◆ Work order
Reproduce the lines below exactly, from the one containing "Balearic islands 120312940" through the one containing "LEGO Ford Model", both included. Leave out any pictures.

◆ Exercise data
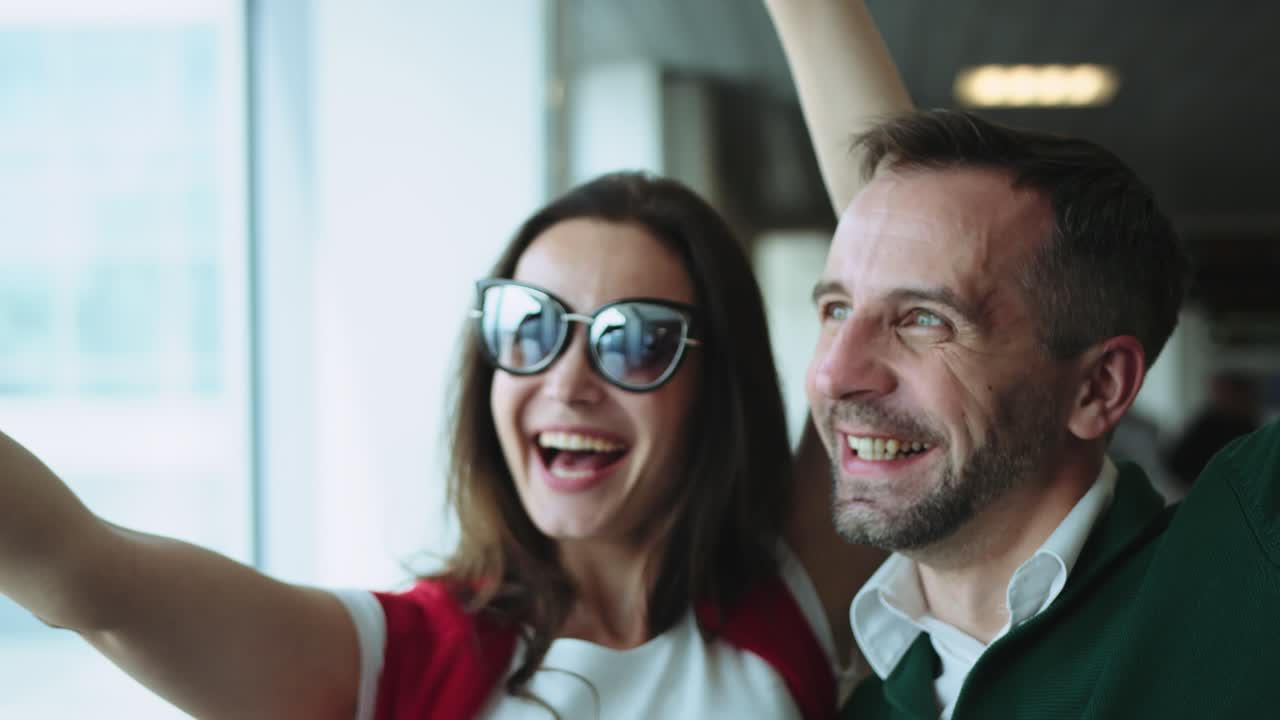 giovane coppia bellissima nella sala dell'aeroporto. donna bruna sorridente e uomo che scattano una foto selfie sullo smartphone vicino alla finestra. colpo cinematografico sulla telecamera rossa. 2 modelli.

---

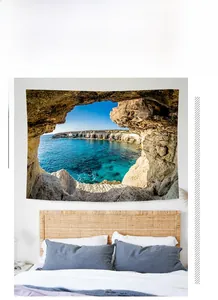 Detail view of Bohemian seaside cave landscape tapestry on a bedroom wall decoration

* * *

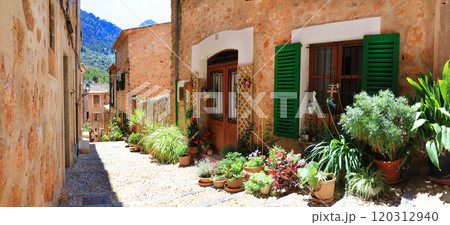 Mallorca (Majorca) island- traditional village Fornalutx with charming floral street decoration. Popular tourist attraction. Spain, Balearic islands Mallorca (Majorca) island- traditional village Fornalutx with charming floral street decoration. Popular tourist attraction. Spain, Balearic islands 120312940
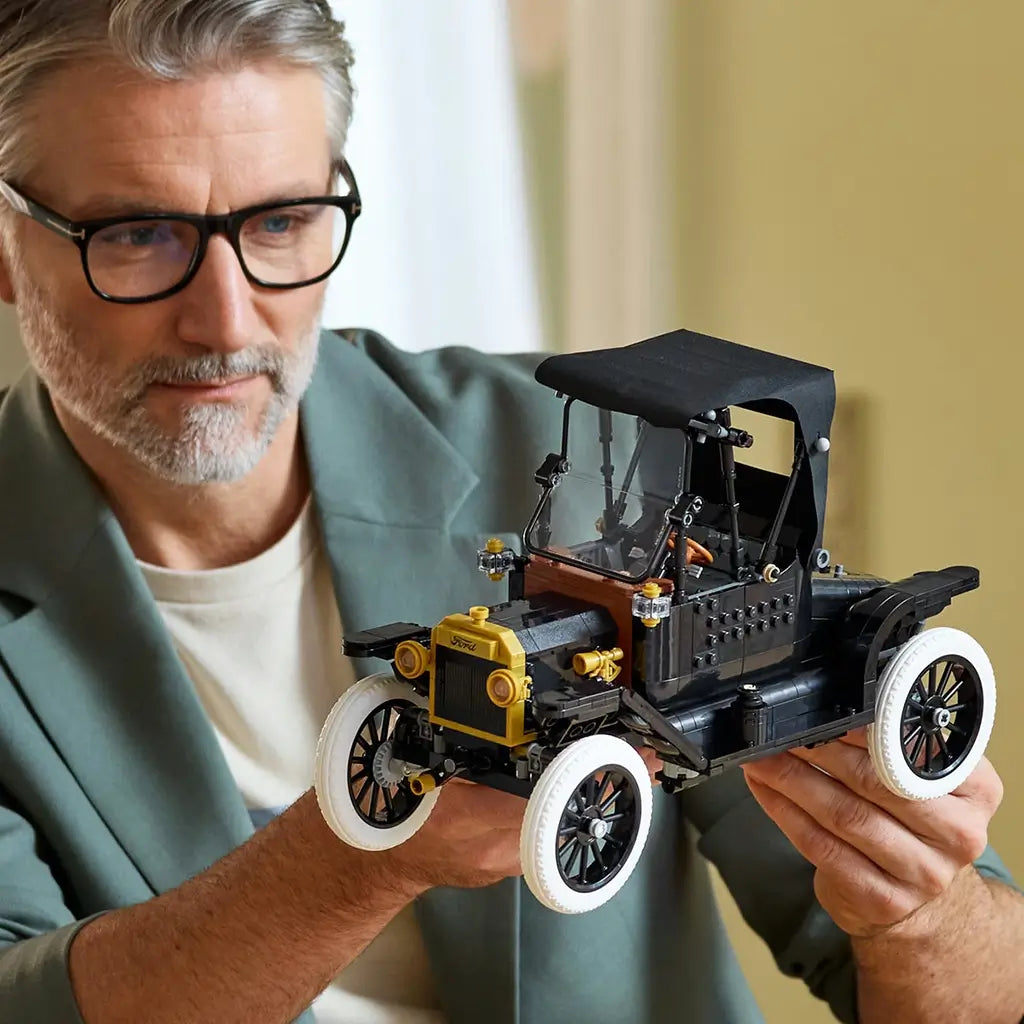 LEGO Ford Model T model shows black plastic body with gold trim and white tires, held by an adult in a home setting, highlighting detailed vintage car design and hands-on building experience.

◆ Exercise result
 Mallorca (Majorca) island- traditional village Fornalutx with charming floral street decoration. Popular tourist attraction. Spain, Balearic islands Mallorca (Majorca) island- traditional village Fornalutx with charming floral street decoration. Popular tourist attraction. Spain, Balearic islands 120312940
 LEGO Ford Model T model shows black plastic body with gold trim and white tires, held by an adult in a home setting, highlighting detailed vintage car design and hands-on building experience.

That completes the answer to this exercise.